#### Activity
In the entries below, find the line with "This is the spermatic" and the line with "You count out"; copy them and every line between them exactly, but not the pictures.

#### Stored data
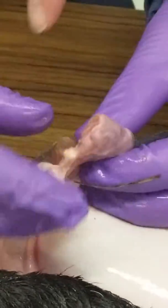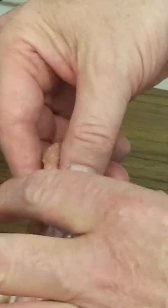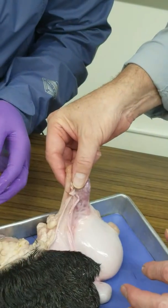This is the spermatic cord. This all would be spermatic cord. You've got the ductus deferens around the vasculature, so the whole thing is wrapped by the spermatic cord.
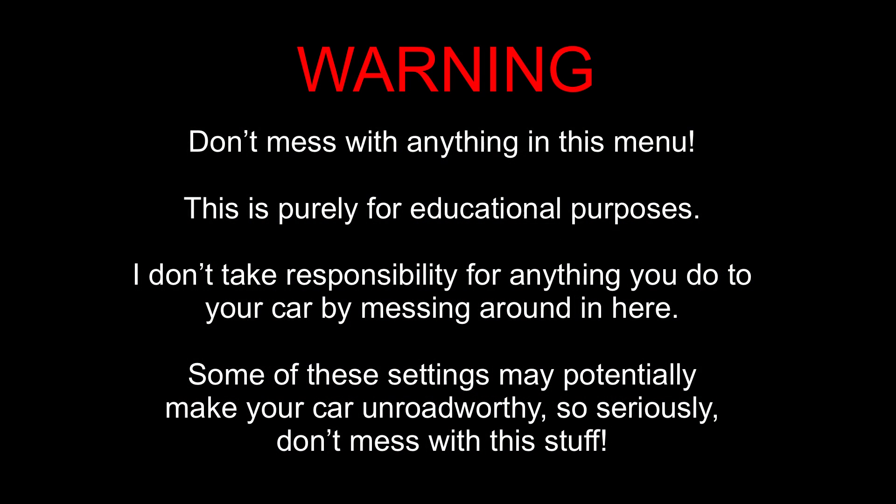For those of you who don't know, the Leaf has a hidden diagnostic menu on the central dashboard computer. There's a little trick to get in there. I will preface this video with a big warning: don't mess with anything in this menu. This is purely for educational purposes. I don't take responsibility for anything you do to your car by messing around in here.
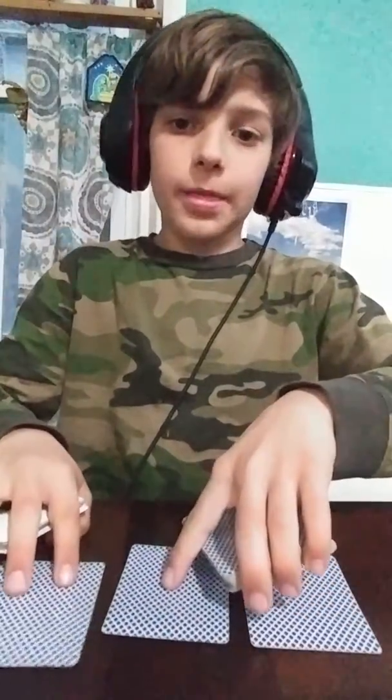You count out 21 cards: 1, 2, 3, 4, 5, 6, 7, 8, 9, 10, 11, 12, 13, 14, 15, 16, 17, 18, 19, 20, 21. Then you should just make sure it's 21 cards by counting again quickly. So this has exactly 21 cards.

==

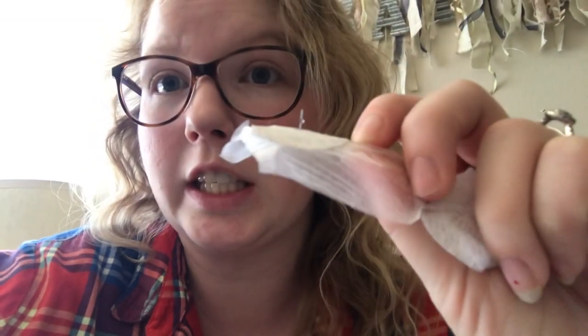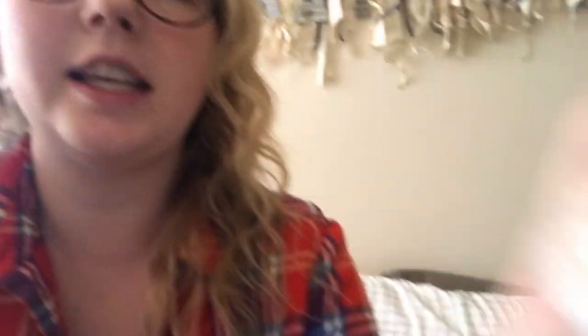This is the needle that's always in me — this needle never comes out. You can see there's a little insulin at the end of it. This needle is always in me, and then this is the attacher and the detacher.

#### Task solution
This is the spermatic cord. This all would be spermatic cord. You've got the ductus deferens around the vasculature, so the whole thing is wrapped by the spermatic cord.
For those of you who don't know, the Leaf has a hidden diagnostic menu on the central dashboard computer. There's a little trick to get in there. I will preface this video with a big warning: don't mess with anything in this menu. This is purely for educational purposes. I don't take responsibility for anything you do to your car by messing around in here.
You count out 21 cards: 1, 2, 3, 4, 5, 6, 7, 8, 9, 10, 11, 12, 13, 14, 15, 16, 17, 18, 19, 20, 21. Then you should just make sure it's 21 cards by counting again quickly. So this has exactly 21 cards.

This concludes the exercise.